Ale czy to jest dobra forma? Patrząc na to, co jest napisane w pierwszym akapicie, to jak najbardziej. Na zasadzie, wszystkiemu na przekór. I podziwiam osoby, które medytują, kontemplują i żyją latami w takim stanie. Wydaje mi się, że z czasem staje się to czymś naturalnym, normalnym, codziennością. Czy w tym momencie nadal jest to coś wyjątkowego?
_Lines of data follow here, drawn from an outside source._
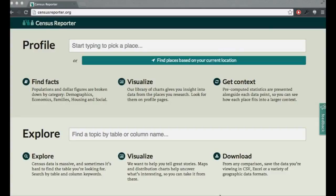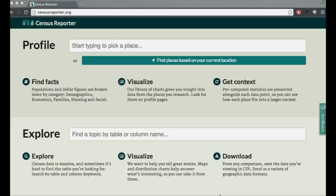So how did Census Reporter come about? I had worked on a project with a few other journalists to make decennial census data easier for journalists to use under the auspices of IRE, Investigative Reporters and Editors. And we did a pretty good job, but it was all volunteer, and we knew that we had missed some things.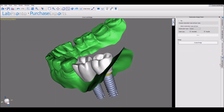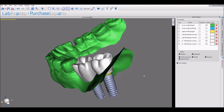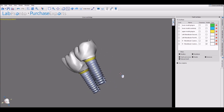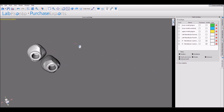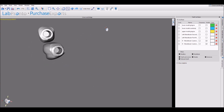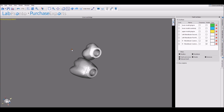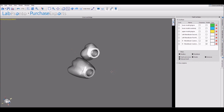We can now see our two designed crowns. The original crowns still appear in the surfaces list — if you want to redo the design, just delete the new crowns and repeat the process. And we have our two crowns ready for export.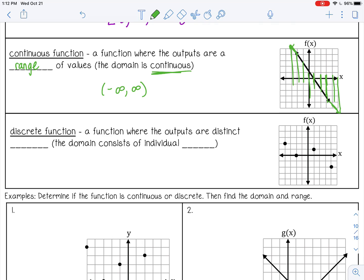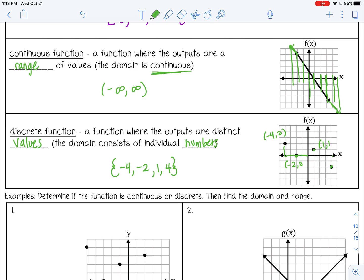Discrete means a function where the outputs are distinct values — the domain consists of individual numbers. For example, these four individual points: negative 4 comma 2, negative 2 comma 0, 1 comma 1, and 4 comma negative 2. So instead of the domain being a range of values, it's just distinct numbers. Because this graph is not connected — it's just individual points — it's discrete.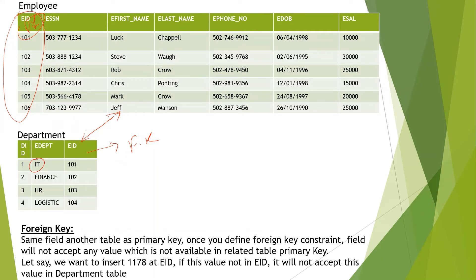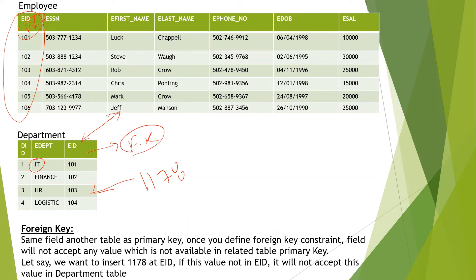One important thing about the foreign key constraint: let's say I have department employee IDs 101, 234, 105, 106. If tomorrow I want to insert 1178, it will not be accepted because this is not part of the employee ID. Whatever value exists in the employee ID primary key, only that value can be inserted here. The foreign key is something which creates a relationship between two tables — the same key in one table is the primary key, and in another table it is treated as a foreign key.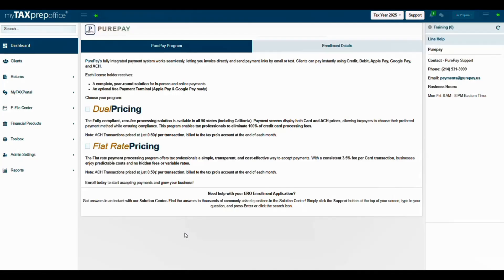PeerPay offers two programs: Dual Pricing and Flat Rate Pricing. Dual Pricing allows taxpayers to choose their preferred payment method according to prices. There are no credit card processing fees for the tax professional. The taxpayer pays the 3.5% processing fee when paying with a debit or credit card.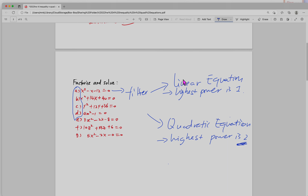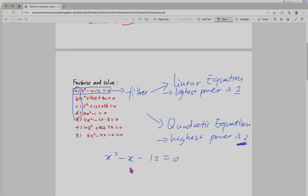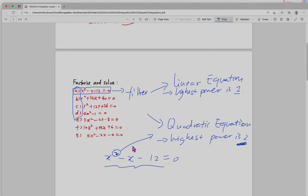So to summarize: linear equation, highest power is 1; quadratic equation, highest power is 2. Looking at question A — x squared minus x minus 12 equals 0 — ask yourself what's the highest power among these three terms. The highest power is 2, from x squared. So it fits into the quadratic equation.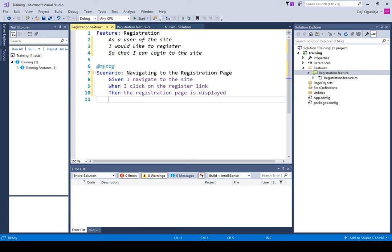This is your first feature file created. Don't forget — it's very, very important that you save this file. I've seen situations where people don't save and then create their step definition, and it's not being mapped correctly. It's very important that you save it so that you can link it with the right step definition.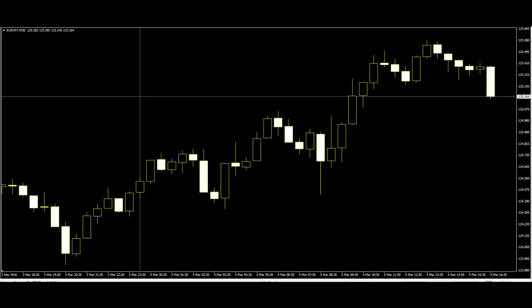If you don't know how to read and understand the candlestick chart, we can always help you to do that from scratch. Thank you.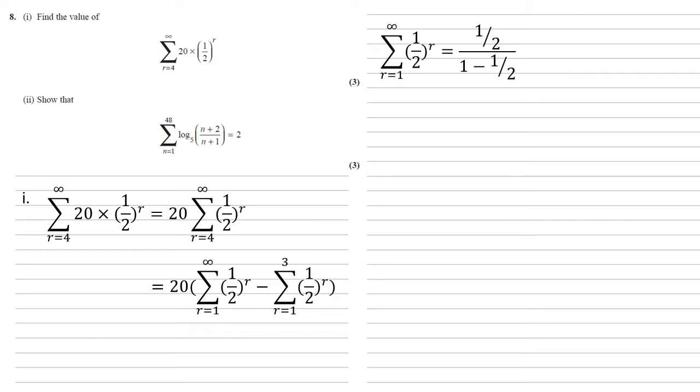Working these out separately, sum to infinity, this is a geometric series because we're just multiplying by a half each time. Using our formula for the sum to infinity of a geometric series, we've got the first term, which is a half on top, and on the bottom we've got 1 minus the ratio, which is also a half, and this equals 1.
Powinniśmy milczeć, jak najbardziej, w odpowiednich momentach, które czasem wręcz się o to proszą (ze względu na patos, szacunek bądź z własnej decyzji, gdy lepiej powiedzieć mniej niż za dużo), ale należy wyrażać też to, co leży nam na żołądku. W równowadze tkwi złoto.
Tak, już starożytni zwracali uwagę, jak ważny jest złoty środek. Ale nie przenosiłbym wartości (czy wartościowości) z milczenia na równowagę. Mianem „złotego” określa się różne rzeczy, by podkreślić ich cenność, wyjątkowość, albo ważność – ten przymiotnik nie jest zarezerwowany dla jednej. Mówimy: złote serce, złota rączka, złoty podział (w kompozycji), złote myśli, złota godzina (w fotografii)… Dlatego nie pozbawiałbym milczenia tej pozłoty, na rzecz równowagi między milczeniem a mową. Ostatecznie, nawet mowa bywa doceniana bardziej, niż srebrem – wszak o kimś, kto wysławia się w szczególnie elokwentny sposób mówiono: złotousty.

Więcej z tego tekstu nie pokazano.